Work item:
Determine how many lines in the entries below contain the word "Programa". The reply is that number alone.

Record set:
• • • • • • •

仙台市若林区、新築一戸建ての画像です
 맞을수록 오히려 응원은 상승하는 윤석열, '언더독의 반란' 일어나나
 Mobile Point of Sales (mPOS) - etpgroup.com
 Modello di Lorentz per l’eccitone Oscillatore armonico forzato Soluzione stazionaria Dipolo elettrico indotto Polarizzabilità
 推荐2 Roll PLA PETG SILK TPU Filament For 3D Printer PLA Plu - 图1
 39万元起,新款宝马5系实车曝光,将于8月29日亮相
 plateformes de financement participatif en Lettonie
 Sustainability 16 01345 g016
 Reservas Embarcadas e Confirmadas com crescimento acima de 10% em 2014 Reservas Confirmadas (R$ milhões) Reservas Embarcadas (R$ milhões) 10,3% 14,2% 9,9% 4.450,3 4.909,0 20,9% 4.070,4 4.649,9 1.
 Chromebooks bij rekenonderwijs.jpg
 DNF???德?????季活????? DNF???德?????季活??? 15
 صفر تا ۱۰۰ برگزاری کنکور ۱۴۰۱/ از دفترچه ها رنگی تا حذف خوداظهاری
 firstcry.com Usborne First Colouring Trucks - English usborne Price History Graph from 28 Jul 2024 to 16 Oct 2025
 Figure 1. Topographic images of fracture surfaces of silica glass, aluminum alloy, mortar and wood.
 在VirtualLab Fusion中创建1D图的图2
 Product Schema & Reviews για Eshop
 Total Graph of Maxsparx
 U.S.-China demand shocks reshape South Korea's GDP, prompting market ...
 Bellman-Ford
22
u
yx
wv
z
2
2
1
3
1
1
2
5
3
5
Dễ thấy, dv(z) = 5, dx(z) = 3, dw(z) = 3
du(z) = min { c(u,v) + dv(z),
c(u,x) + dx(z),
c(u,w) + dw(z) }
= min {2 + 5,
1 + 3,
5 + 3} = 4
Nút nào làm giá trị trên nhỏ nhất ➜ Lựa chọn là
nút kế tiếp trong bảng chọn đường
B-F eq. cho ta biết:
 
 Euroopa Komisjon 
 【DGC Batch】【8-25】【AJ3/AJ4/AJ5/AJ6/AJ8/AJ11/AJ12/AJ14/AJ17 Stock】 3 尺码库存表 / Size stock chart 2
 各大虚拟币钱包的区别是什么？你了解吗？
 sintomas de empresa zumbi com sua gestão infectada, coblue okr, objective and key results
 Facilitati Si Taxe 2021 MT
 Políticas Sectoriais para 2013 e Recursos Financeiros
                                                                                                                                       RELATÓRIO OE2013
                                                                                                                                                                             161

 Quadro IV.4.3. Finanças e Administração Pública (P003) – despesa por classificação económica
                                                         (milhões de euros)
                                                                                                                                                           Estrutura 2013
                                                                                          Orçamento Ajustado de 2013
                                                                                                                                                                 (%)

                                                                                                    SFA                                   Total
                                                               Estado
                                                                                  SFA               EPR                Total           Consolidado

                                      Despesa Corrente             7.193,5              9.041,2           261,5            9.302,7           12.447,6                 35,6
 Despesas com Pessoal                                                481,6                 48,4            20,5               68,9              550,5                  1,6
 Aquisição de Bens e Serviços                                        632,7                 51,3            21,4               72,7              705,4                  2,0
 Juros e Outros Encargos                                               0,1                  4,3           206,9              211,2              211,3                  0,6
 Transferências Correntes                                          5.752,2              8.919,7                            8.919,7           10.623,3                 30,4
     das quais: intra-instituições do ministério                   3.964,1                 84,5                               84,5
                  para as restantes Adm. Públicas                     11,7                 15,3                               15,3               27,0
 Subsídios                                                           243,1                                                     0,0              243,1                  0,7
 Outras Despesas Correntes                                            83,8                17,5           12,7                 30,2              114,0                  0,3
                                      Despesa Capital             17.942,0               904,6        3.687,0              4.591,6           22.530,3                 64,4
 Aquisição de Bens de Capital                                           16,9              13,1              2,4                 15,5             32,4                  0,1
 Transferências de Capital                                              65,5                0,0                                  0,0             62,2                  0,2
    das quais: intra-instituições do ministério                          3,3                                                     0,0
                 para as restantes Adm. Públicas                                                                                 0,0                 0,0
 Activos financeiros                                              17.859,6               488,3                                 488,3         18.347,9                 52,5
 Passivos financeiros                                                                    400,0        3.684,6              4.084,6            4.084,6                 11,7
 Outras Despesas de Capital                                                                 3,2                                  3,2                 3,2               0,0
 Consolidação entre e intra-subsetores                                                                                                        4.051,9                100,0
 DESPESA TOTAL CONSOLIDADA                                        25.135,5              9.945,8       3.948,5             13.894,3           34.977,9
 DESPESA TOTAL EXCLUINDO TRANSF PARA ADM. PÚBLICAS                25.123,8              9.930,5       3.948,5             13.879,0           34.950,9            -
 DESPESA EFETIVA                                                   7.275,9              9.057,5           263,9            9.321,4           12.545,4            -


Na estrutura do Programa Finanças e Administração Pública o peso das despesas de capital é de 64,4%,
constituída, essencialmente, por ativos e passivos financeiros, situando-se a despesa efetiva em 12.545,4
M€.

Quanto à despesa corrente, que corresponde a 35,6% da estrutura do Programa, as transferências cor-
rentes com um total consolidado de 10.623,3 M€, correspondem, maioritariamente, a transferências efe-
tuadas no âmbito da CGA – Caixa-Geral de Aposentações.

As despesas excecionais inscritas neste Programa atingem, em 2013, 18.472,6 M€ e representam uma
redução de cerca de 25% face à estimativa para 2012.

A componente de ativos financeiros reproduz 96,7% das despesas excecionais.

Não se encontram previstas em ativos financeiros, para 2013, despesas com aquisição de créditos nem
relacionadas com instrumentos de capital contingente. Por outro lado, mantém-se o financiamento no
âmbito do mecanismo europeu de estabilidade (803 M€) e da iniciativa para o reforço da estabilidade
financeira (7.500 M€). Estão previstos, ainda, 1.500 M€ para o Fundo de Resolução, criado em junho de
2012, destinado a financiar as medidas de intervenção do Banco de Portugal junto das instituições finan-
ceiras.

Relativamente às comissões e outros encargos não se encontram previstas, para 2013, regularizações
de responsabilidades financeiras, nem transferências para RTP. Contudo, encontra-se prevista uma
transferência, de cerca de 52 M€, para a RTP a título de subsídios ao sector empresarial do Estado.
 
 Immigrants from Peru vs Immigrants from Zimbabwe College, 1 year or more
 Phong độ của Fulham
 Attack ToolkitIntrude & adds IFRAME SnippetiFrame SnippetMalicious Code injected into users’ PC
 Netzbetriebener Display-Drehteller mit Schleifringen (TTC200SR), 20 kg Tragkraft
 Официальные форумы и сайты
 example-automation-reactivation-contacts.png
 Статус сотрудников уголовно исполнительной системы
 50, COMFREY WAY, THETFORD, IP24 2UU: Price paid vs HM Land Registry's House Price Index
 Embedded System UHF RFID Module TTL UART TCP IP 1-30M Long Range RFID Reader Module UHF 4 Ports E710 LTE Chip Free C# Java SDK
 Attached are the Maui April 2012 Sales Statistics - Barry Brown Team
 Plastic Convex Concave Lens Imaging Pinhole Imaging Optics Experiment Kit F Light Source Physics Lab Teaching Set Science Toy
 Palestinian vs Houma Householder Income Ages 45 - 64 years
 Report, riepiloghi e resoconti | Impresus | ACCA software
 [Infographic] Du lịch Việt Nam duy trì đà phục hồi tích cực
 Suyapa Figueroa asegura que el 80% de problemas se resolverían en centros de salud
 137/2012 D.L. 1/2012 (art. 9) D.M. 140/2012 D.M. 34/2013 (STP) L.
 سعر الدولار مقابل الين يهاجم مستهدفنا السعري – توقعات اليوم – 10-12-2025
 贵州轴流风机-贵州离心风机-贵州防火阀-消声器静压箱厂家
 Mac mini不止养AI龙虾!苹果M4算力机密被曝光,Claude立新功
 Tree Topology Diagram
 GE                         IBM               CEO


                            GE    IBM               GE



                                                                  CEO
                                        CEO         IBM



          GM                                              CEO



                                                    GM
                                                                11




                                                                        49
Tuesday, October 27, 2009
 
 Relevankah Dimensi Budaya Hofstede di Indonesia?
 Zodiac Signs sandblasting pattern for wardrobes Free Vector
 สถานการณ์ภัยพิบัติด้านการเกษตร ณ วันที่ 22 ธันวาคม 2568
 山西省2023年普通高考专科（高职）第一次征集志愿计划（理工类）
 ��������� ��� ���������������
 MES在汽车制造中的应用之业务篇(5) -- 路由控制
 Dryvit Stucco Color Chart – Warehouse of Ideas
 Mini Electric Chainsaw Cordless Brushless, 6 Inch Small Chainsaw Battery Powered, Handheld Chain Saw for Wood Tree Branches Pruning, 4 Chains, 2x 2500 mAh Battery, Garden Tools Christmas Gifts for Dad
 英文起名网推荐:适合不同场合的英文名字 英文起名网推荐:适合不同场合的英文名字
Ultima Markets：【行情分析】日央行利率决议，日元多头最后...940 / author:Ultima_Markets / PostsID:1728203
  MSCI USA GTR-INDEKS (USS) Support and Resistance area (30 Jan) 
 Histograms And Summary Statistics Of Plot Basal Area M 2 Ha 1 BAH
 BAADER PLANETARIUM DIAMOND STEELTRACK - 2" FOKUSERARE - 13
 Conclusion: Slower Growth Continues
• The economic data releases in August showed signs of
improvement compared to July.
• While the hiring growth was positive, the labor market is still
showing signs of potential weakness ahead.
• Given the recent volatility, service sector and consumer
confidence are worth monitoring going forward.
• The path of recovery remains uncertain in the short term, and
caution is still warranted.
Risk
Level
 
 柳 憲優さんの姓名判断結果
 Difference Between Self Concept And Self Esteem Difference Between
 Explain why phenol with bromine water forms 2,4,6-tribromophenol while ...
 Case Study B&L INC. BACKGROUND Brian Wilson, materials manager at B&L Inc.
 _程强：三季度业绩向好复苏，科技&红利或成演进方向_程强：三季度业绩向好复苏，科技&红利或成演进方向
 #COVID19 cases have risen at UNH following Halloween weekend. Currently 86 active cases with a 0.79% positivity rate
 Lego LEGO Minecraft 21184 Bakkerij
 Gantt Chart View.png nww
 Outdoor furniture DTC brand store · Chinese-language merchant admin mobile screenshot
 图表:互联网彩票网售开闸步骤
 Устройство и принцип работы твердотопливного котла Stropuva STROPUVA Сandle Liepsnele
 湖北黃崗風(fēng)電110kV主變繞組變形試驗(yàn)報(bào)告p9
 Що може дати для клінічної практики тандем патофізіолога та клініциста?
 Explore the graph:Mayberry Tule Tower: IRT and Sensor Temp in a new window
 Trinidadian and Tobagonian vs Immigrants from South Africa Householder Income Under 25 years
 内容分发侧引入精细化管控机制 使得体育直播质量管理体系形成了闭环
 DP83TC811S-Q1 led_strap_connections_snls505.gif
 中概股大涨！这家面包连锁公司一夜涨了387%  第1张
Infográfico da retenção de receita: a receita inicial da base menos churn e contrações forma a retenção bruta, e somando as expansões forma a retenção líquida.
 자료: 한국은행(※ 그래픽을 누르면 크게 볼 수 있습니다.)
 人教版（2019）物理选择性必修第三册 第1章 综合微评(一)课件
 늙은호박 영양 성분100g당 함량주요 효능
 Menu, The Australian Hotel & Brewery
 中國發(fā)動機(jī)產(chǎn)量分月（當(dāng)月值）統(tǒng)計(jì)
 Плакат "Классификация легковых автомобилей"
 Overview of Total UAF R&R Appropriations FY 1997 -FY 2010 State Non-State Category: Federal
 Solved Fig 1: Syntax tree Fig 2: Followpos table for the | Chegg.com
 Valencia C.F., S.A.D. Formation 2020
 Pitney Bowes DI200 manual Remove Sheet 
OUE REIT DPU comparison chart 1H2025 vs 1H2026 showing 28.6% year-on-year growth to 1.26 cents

• • • • • • •

Answer area:
3